E, muito mais do que terem essa formação diferenciada, os alunos acabam criando uma ligação com a escola, que também dá capacitação para as famílias dos estudantes. “Nos entendemos aqui como sujeitos coletivos, não estamos aqui [na UFMG] em nome de uma formação particular mas em nome de um grupo, de todo um contexto de famílias, pais e estudantes”, explica Mônica Rodrigues, ex-aluna da Bontempo e companheira de turma de José e Ana Júlia na UFMG. Ela lembra que muitos alunos, mesmo depois de saírem das Escolas-Família e conseguirem uma formação superior, acabam trabalhando na AMEFA ou nas próprias EFAs que estudaram.
Carência histórica
Essa ligação forte com as Escolas-Família também é reflexo de um problema marcante nas cidades pequenas do Jequitinhonha: a necessidade de ir para a cidade grande. Muitas pessoas diante da falta de possibilidades (de estudo ou trabalho) nas cidades do interior acabam arriscando a vida indo para as cidades grandes, mas com a EFA isso pode ser diferente: “Vimos que a EFA era uma oportunidade de não fazer como os outros e ir para a capital, uns se dão bem mas a maioria não se dá bem”, destaca Nadson Francisco de Oliveira, que foi da primeira turma da Bontempo e hoje estuda na UFMG junto com os outros ex-alunos mencionados.
Um problema social e também político: “Até hoje o Brasil não conseguiu implantar uma rede escolar no campo; o que temos hoje são escolas muito precárias e ofertas no máximo de primeira a quarta série. Se o jovem quiser fazer de 5° a 8° ou Ensino Médio ele tem que deslocar para a cidade”, ressalta Maria Isabel. E não apenas o Governo Federal, mas Estado e Município também deixam muito a desejar. No caso da EFA Bontempo, por exemplo, a prefeitura doa mil Reais por mês para a escola, além de fornecer um ônibus para o transporte dos alunos. O estado de Minas Gerais, por meio da Secretaria de Estado de Educação, doa uma bolsa anual aos alunos das EFAs que neste ano ficou em R$ 2.115 por aluno. Além disso, as Escolas-Família também buscam financiamento em programas do Governo Federal.
A Bontempo atende a 23 municípios e somente Itaobim presta alguma ajuda à escola e, ainda que os apoios municipais variem de EFA para EFA, no geral as escolas são reféns das posições políticas dos prefeitos: “Acontece muito da escola ter o apoio de um gestor até o fim do mandato dele e, acabado o mandato, entra outro que, se porventura não tiver afinidade com a escola, corta todo apoio”, explica Idalino. A doação feita pelo Estado, por sua vez, foi conseguida a partir da lei 14.614, que a AMEFA e seus apoiadores batalharam para ser aprovada em 2003.

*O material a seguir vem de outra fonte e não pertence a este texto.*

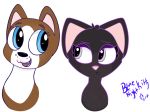  2018 blue_eyes canine cat dog feline female green_eyes invalid_tag jade_catkin littlest_pet_shop_a_world_of_our_own mammal not_furry roxie_mcterrier simple_background smile white_background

Mas a educação é uma obrigação, tanto do Governo Estadual, quanto do Municipal e do Federal, e o que se tem na educação do campo são algumas parcerias e não uma política pública definida. “É o que está na Constituição: educação é direito do povo e dever do Estado, só que na prática não é isso que acontece. Temos que ficar correndo atrás o tempo todo para garantir o mínimo de respaldo do Estado”, ressalta Mônica Rodrigues.
E assim, com algumas iniciativas do poder público e apoiadores de diversos setores da sociedade, as EFAs vão seguindo sua luta por uma educação de qualidade no campo. O caso da Bontempo mostra que a batalha pode não ser fácil, mas independente do desfecho deste episódio os “esquecidos” do Vale vão continuar sua mobilização para, quem sabe um dia a educação no campo saia do esquecimento.